I need something… but i don’t know what it is.. i’m no longer mourning, but still something is missing.
I still try to cry sometimes (not really my thing, but i need to let it all out, i really want to move on) and sometimes I can’t stop smiling.
I have no idea what is going on. My soul was ripped, but there is a someone who knows how to patch it. I can’t have feelings yet, but the sensation is beautiful.
I couldn’t move a muscle to smile, but after 2 weeks i felt some warmth.
I still have no idea how it happened.
He was smart enough to add me on his messenger list.. and only now i understand how he got the feeling i am shy.. (wrong feeling.. i tell you!)

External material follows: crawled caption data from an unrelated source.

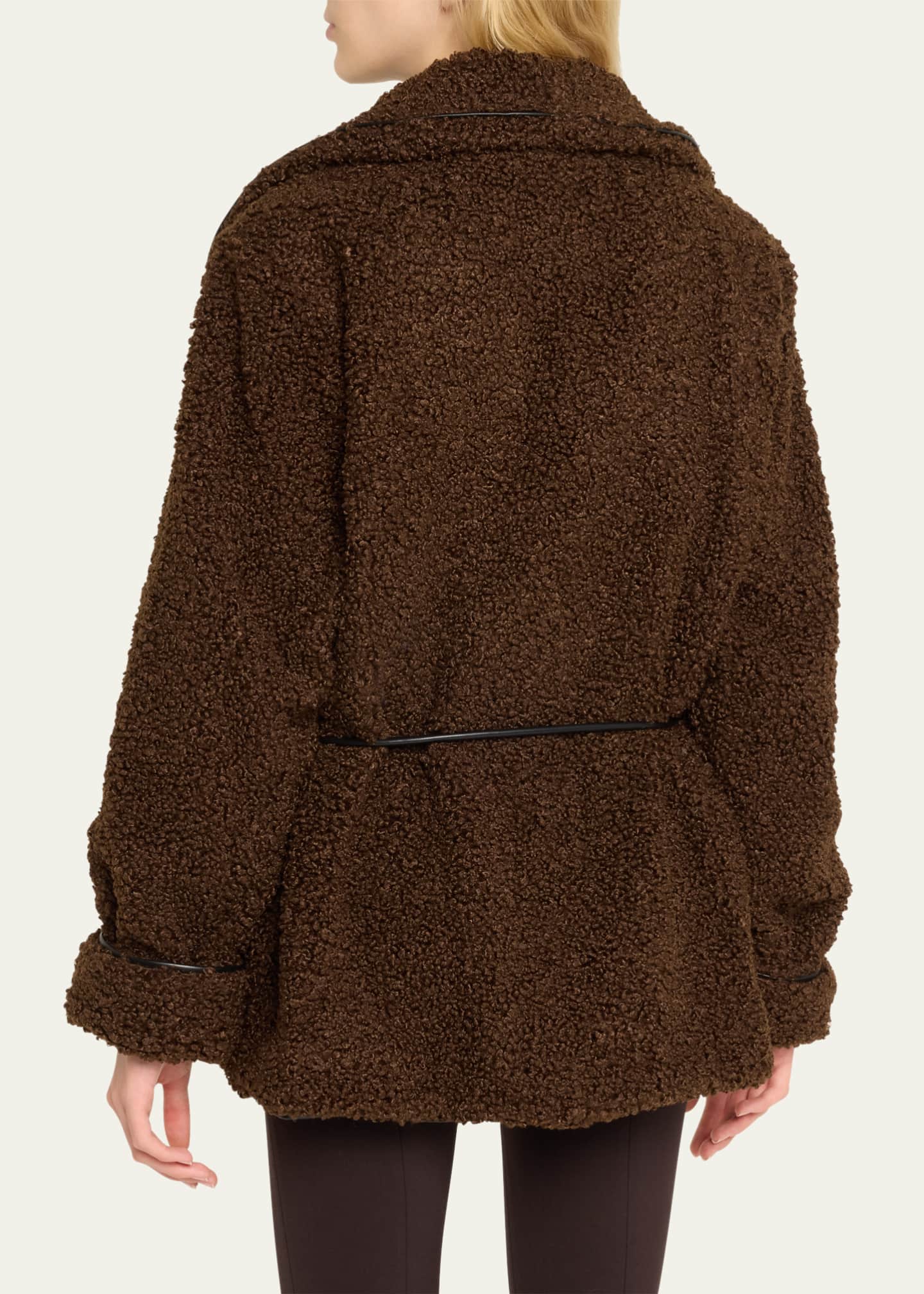 SIMKHAI Kimia Faux Fur Tie Waist Jacket Image 3 of 5
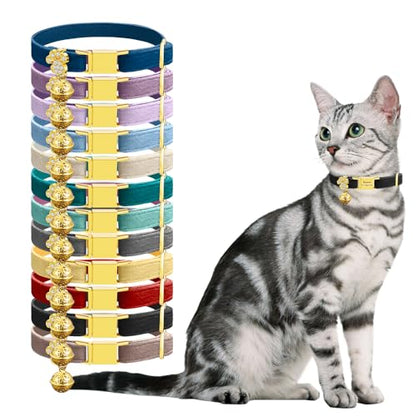 Personalized Breakaway Cat Collars - Magnetic Buckle, Bell - Safety Quick Release, Customized for Girls & Boys Cats- (Velvet-Black) - color: Velvet-Black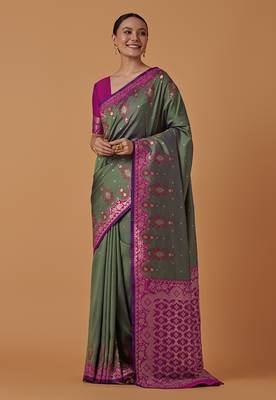 Olive banarasi silk blend saree with zari woven work 2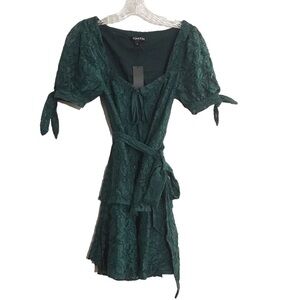 Yumi Kim Green Puff Sleeve Lace Tiered Mini Dress Size XS NWT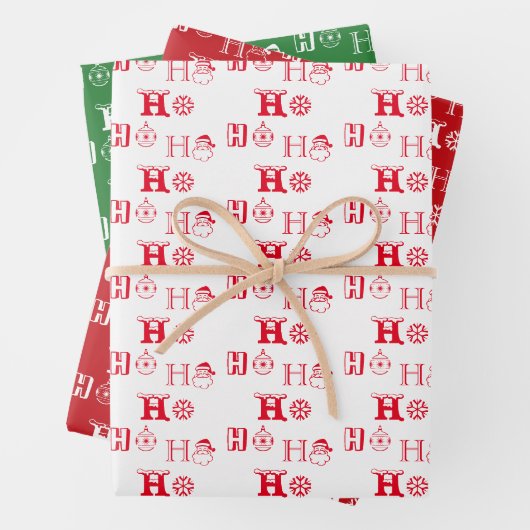 Kerstmis Ho Ho Rood wit groen patroon schattig Inpakpapier Vel (In situ)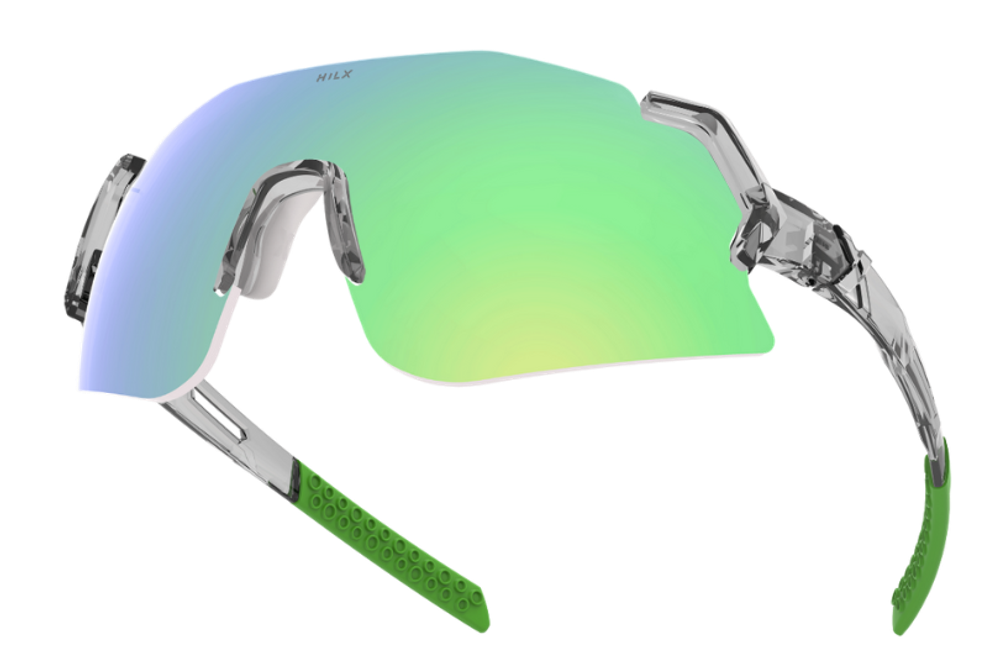 Спортивные очки с диоптриями HILX Savage 2.0 Shiny Crystal Grey Green / Green Mirror Lens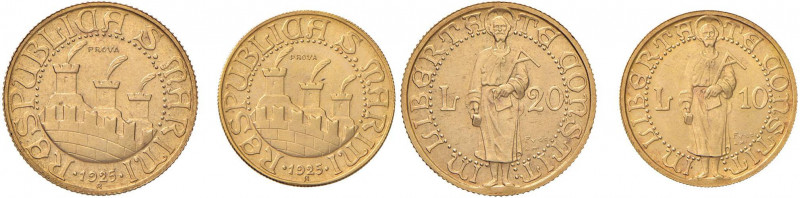 SAN MARINO 20 e 10 Lire 1925 Prova - P.P 564/573 AU RRRR Solo 25 pezzi coniati
...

The discussion began quick, he wanted to buy my romanian recipes site
I felt shy to tell him no…
I can’t say it’s hard, but not easy either. My whole life is a little mess and still.. it seems right.
So i have no idea how i feel right now. All i can say is that i am a little happier.
I think i am afraid to feel something too soon.
I remember i had a talk about the near future with my ex, 2-3 days before i met “the Dwarf” (omg, it sounds so funny in english!). We talked about sex and related stuff. I thought i couldn’t do it soon, maybe never, maybe not for a few months.. but he told me i might be able to after 1-2-6 months or maybe ‘tomorrow’. In the meantime… i put my thoughts in order. I can’t go back to what we had for 6 years, i just can’t! … and this is actually the easy part …
It’s the future i’m worried about. That’s the un-easy part … but something tells me it’s going to be a-ok.